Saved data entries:

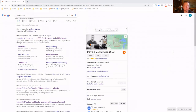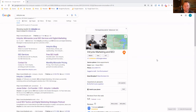Let me share my screen with everybody just to show what we're going to be looking at. I've done a Google search for Intrix SEO. Intrix is the name of our agency, our SEO firm. Off to the right-hand side, you're going to see our Knowledge Panel, which is essentially your Google My Business listing and information, plus additional information that Google will pull in.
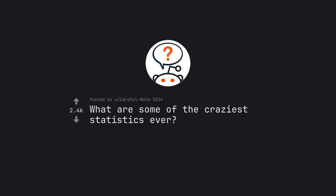Ask Reddit by careful note 5534. What are some of the craziest statistics ever?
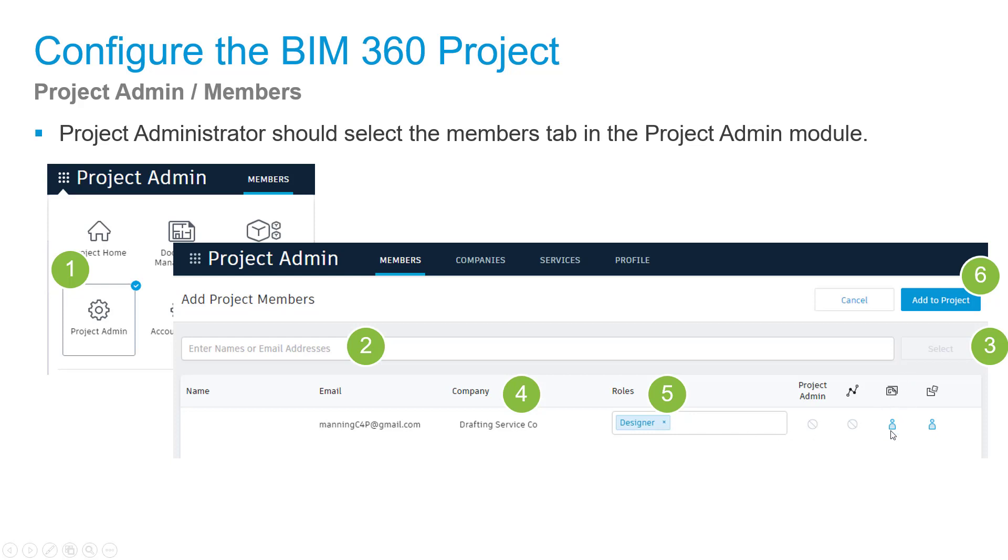Make sure they have the Docs permissions set correctly. If they're an admin, they'll have the gold cog icon instead. When you're done, hit Add to Project and you're finished.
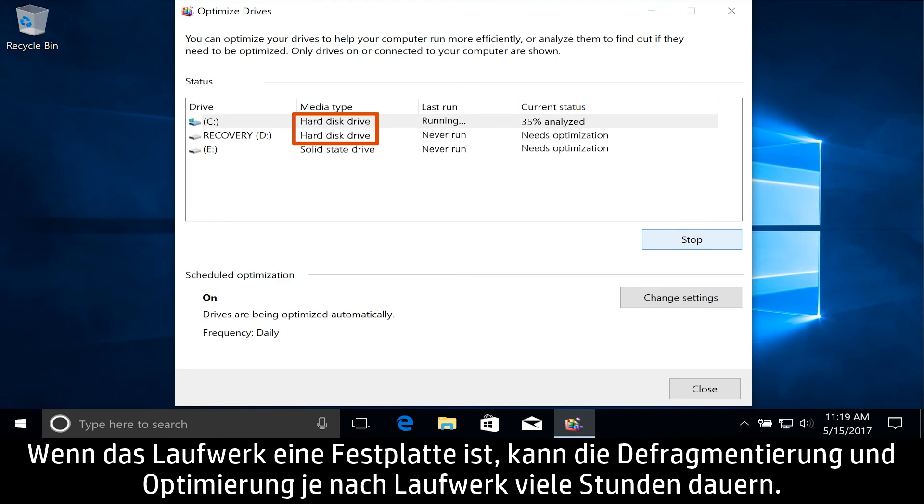If the drive is a hard disk drive, the drive is defragmented and optimized, which can take many hours depending on the drive.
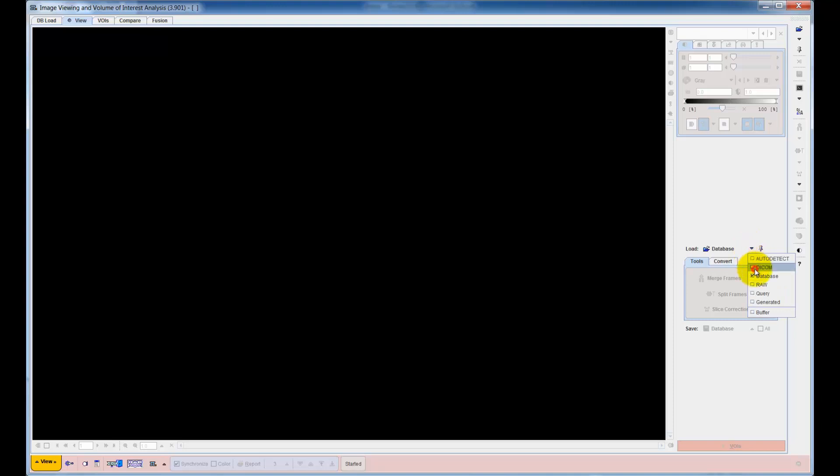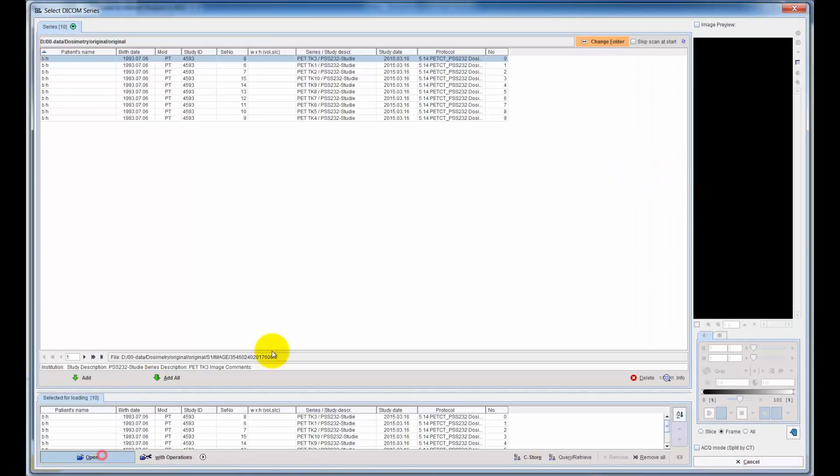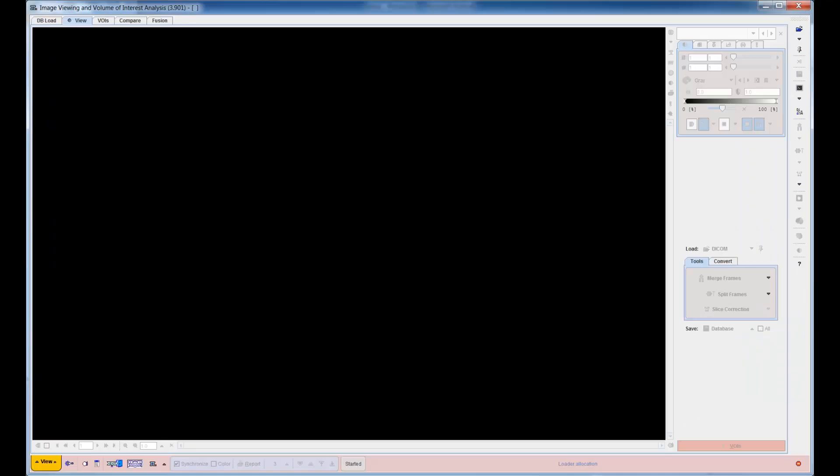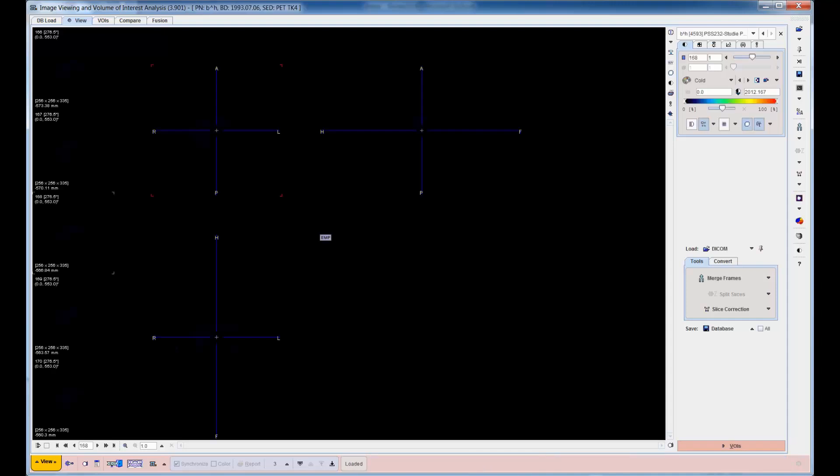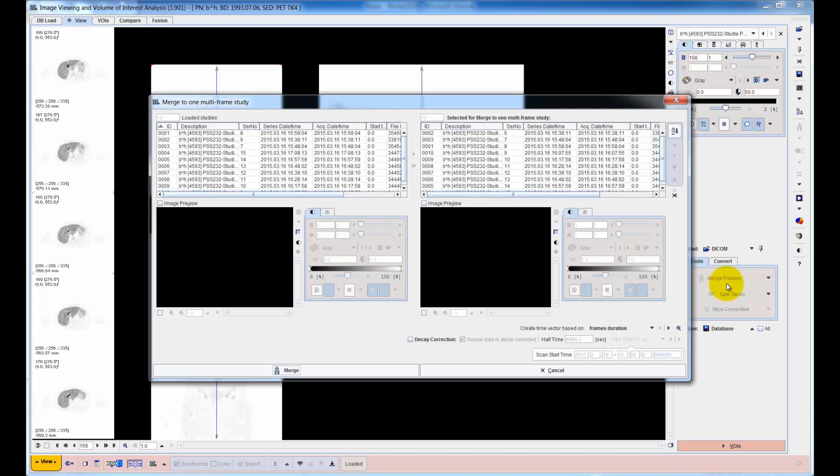The 10 sequentially acquired static series are loaded into the view tool. The merging tool for combining them into a dynamic series is opened.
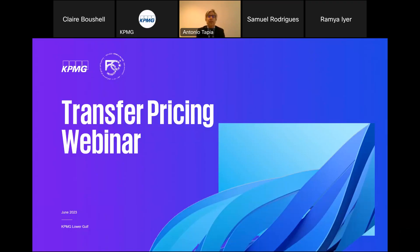Good morning, everyone. Welcome to the transfer pricing webinar. It's a real pleasure to be here today where we're going to go through key transfer pricing matters for UAE businesses. We can see that the attendance is quite high, so I can see that tax professionals are taking care of transfer pricing right now, which means that transfer pricing in the UAE is in a completely different place where it was a year ago.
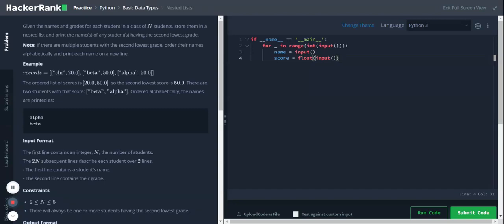Hi, Python basic data types nested list. Given the names and grades for each student in a class of N students, store them in a nested list and print the name of any student having the second lowest grade. We'll be storing the name and score of each student in a nested list format.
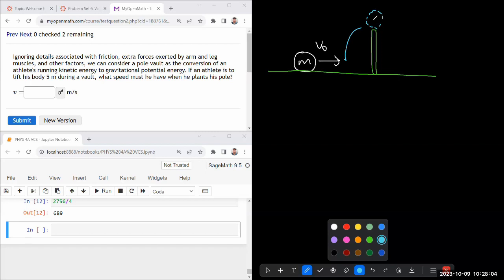And we are given, let me just be careful in how I indicate the height from center of mass to center of mass, some difference in height h. So what speed must he have when he plants his pole? And I'm going to make a further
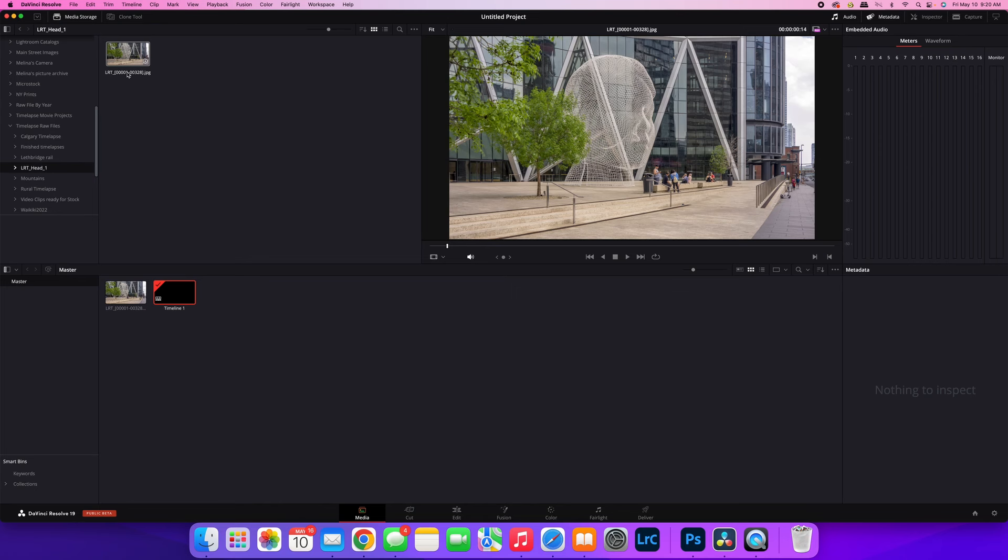So right next to your file type. So it has to be one over here. You can't have it, for example, I couldn't have done it as one underscore LRT, two underscore LRT, three underscore LRT.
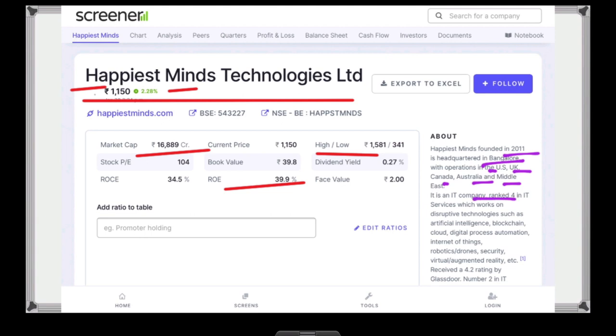We have to focus on this company. The IT sector stocks mentioned include TCS, Infosys, Mind, and Print, and Happiest Mind is positioned among these.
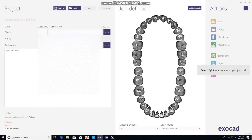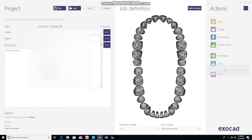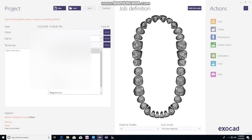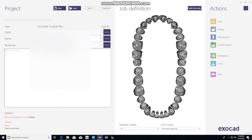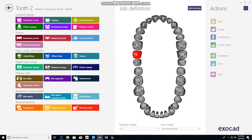We're going to show you how to design an occlusal night guard using ExoCAD software. These are the basic steps. Entering the lab, we're going to use the patient's name and the technician. The notes window below — you'll give a brief description of what you're actually doing, in this case a night guard. Then you'll program it and tell it what it needs to do, and that's done by the tooth chart.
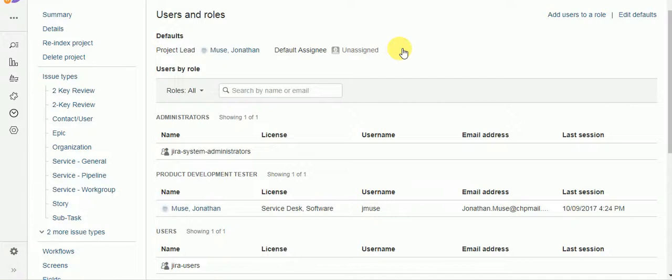Now one of the things we need to do is create a way to specify which user has these special permissions. We certainly could just type the username of that individual into the script but then if we ever need to change that or add people to it we would have to modify the scripts. However if we use something like a project role we can add, change the person or add people to that role without actually modifying the script.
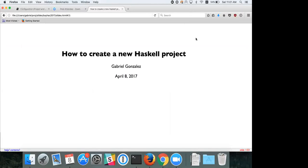Hello everybody. My name is Gabriel. I'm a software engineer at Awake Networks, thanks for sponsoring today's breakfast. Today I'm going to be talking about how to create a Haskell project. I usually like to give talks with a very theoretical background, but today I just want to give a more practical talk.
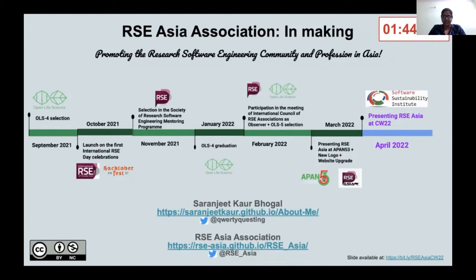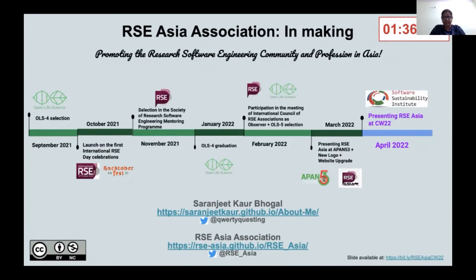We were selected in OLS Open Life Science Program Cohort 4 in September 2021, and we launched the RSC Asia Association on the first International RSC Day in October 2021.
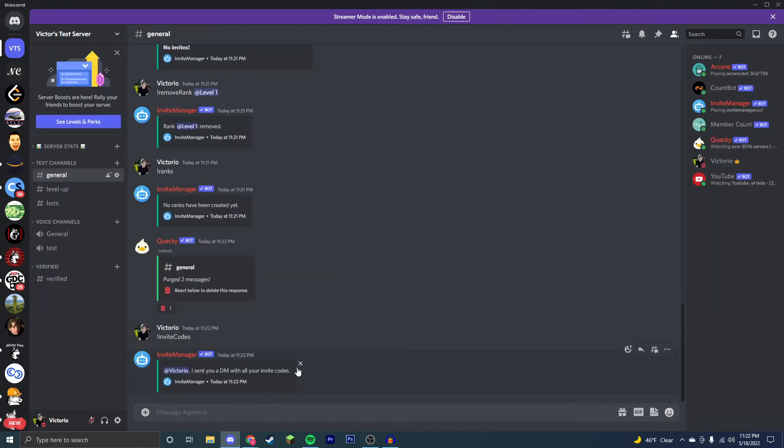Now, this was the Invite Manager bot. It has a lot more features, and if you want me to go over those, let me know in the comments. If this video helped you out, and it worked for you, make sure to like and subscribe. Thank you for watching.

Work to complete: Pictures are to be left out, while the records are copied word for word.

Response to the exercise:
Let me share my screen with everybody just to show what we're going to be looking at. I've done a Google search for Intrix SEO. Intrix is the name of our agency, our SEO firm. Off to the right-hand side, you're going to see our Knowledge Panel, which is essentially your Google My Business listing and information, plus additional information that Google will pull in.
Ask Reddit by careful note 5534. What are some of the craziest statistics ever?
Make sure they have the Docs permissions set correctly. If they're an admin, they'll have the gold cog icon instead. When you're done, hit Add to Project and you're finished.
If the drive is a hard disk drive, the drive is defragmented and optimized, which can take many hours depending on the drive.
The 10 sequentially acquired static series are loaded into the view tool. The merging tool for combining them into a dynamic series is opened.
Good morning, everyone. Welcome to the transfer pricing webinar. It's a real pleasure to be here today where we're going to go through key transfer pricing matters for UAE businesses. We can see that the attendance is quite high, so I can see that tax professionals are taking care of transfer pricing right now, which means that transfer pricing in the UAE is in a completely different place where it was a year ago.
Hi, Python basic data types nested list. Given the names and grades for each student in a class of N students, store them in a nested list and print the name of any student having the second lowest grade. We'll be storing the name and score of each student in a nested list format.
And we are given, let me just be careful in how I indicate the height from center of mass to center of mass, some difference in height h. So what speed must he have when he plants his pole? And I'm going to make a further
So right next to your file type. So it has to be one over here. You can't have it, for example, I couldn't have done it as one underscore LRT, two underscore LRT, three underscore LRT.
We have to focus on this company. The IT sector stocks mentioned include TCS, Infosys, Mind, and Print, and Happiest Mind is positioned among these.
We're going to show you how to design an occlusal night guard using ExoCAD software. These are the basic steps. Entering the lab, we're going to use the patient's name and the technician. The notes window below — you'll give a brief description of what you're actually doing, in this case a night guard. Then you'll program it and tell it what it needs to do, and that's done by the tooth chart.
Now one of the things we need to do is create a way to specify which user has these special permissions. We certainly could just type the username of that individual into the script but then if we ever need to change that or add people to it we would have to modify the scripts. However if we use something like a project role we can add, change the person or add people to that role without actually modifying the script.
Hello everybody. My name is Gabriel. I'm a software engineer at Awake Networks, thanks for sponsoring today's breakfast. Today I'm going to be talking about how to create a Haskell project. I usually like to give talks with a very theoretical background, but today I just want to give a more practical talk.
We were selected in OLS Open Life Science Program Cohort 4 in September 2021, and we launched the RSC Asia Association on the first International RSC Day in October 2021.
Now, this was the Invite Manager bot. It has a lot more features, and if you want me to go over those, let me know in the comments. If this video helped you out, and it worked for you, make sure to like and subscribe. Thank you for watching.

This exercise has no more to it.